Last Sunday I wrote about Ethiopia’s sprawling capital, and the first few days of my 10 day visit to the country. Once we felt we’d exhausted Addis’ coffee shops and museums, we got on a bus and made the eight hour journey south to the Bale Mountains.
The first leg was down the long, straight, 240km stretch of road that links Addis to Shashemene, which skirts the blue volcanic hills of Lake Ziway, and a number of other Rift Valley lakes. Shashemene is an interesting town, not because it sits alongside southern Ethiopia’s most important crossroads, but because it’s the unofficial Rastafari capital of Africa. When Ras Tafari was crowned Emperor Haile Selassie in 1930, he gained followers far beyond the confines of his own kingdom. The ‘return to Africa’ movement in Jamaica saw the emperor’s coronation as the fulfilment of an ancient biblical prophecy that ‘Kings will come out of Africa’, and thus Rastafarianism was born. In 1963, Haile Selassie granted the Rastafarians land in Shashemene, a community now known locally as ‘Jamaica’.
From Shashemene we headed east, along a steep road that winds through the northern escarpments of the Bale Mountains, with their rounded rock pinnacles dotting the hills like lonely teeth in an old man’s gums. The bus then dropped us off at Dinsho, near the Bale Mountains National Park headquarters. The park extends for 2,200km2 across the upper reaches of the Bale Mountains, which were formed by volcanic activity roughly 10 million years ago. It’s most notable, perhaps, for the Sanetti Plateau – a vast tract of heather-strewn Afro-alpine moorland with elevations over 4,300 metres. The land gradually falls away from the plateau in the south, giving way to the thick Harenna Forest.

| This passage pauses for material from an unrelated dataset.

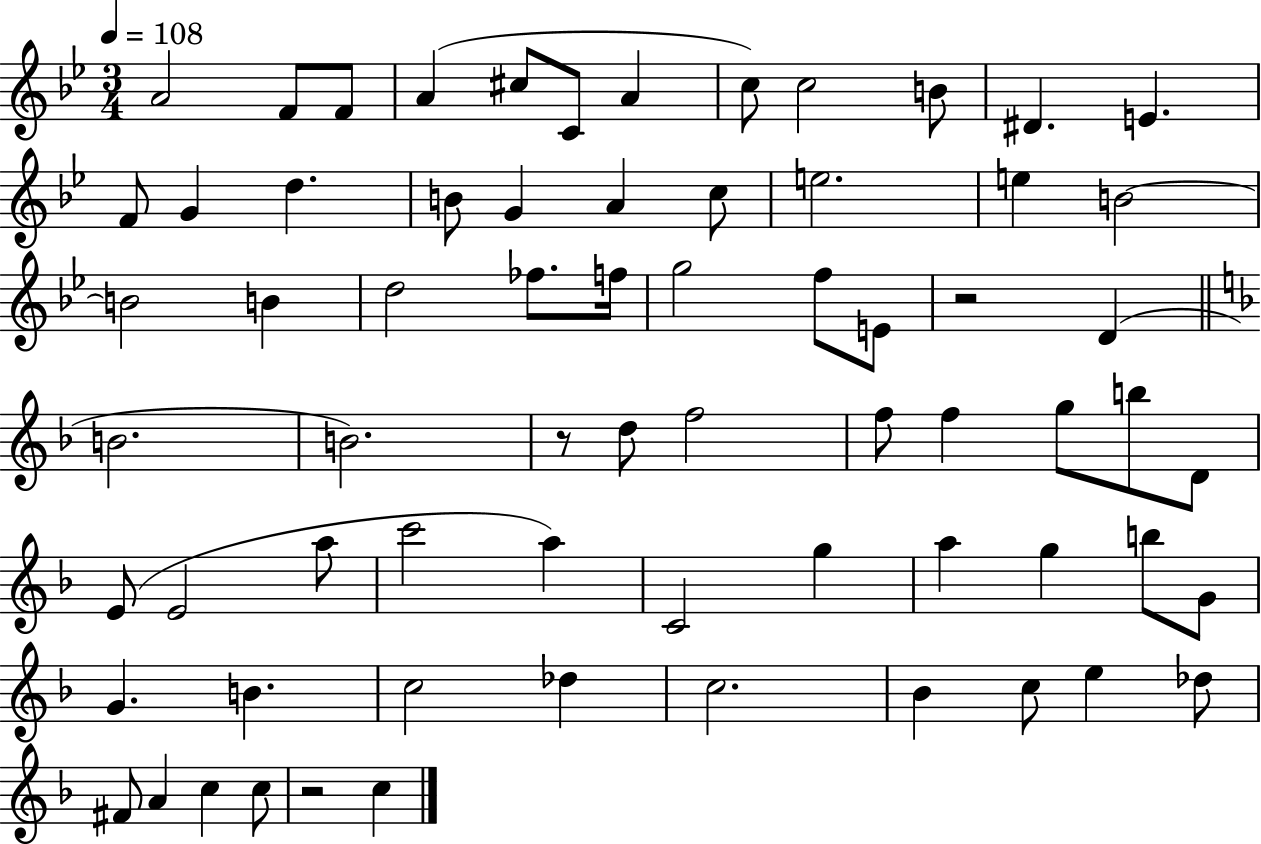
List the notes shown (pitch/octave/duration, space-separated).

A4/h F4/e F4/e A4/q C#5/e C4/e A4/q C5/e C5/h B4/e D#4/q. E4/q. F4/e G4/q D5/q. B4/e G4/q A4/q C5/e E5/h. E5/q B4/h B4/h B4/q D5/h FES5/e. F5/s G5/h F5/e E4/e R/h D4/q B4/h. B4/h. R/e D5/e F5/h F5/e F5/q G5/e B5/e D4/e E4/e E4/h A5/e C6/h A5/q C4/h G5/q A5/q G5/q B5/e G4/e G4/q. B4/q. C5/h Db5/q C5/h. Bb4/q C5/e E5/q Db5/e F#4/e A4/q C5/q C5/e R/h C5/q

It wasn’t this spectacular change in landscape, though, that drew us to the park. The Bale Mountains are also home to an incredible diversity of endemic birds and animals, including the Ethiopian wolf – the world’s rarest canid, and Africa’s most endangered carnivore. Of the 500-or-so wolves left, over half live in Bale, while the rest are scattered in and around the Simien Mountains in the north. Unlike their closest canid relatives – such as wild dogs and jackals – Ethiopian wolves are highly specialised feeders. They prey on Afro-alpine rodents, and have therefore developed very specific habitat requirements, which is why the surviving populations have been restricted to Afro-alpine pockets in the Ethiopian highlands.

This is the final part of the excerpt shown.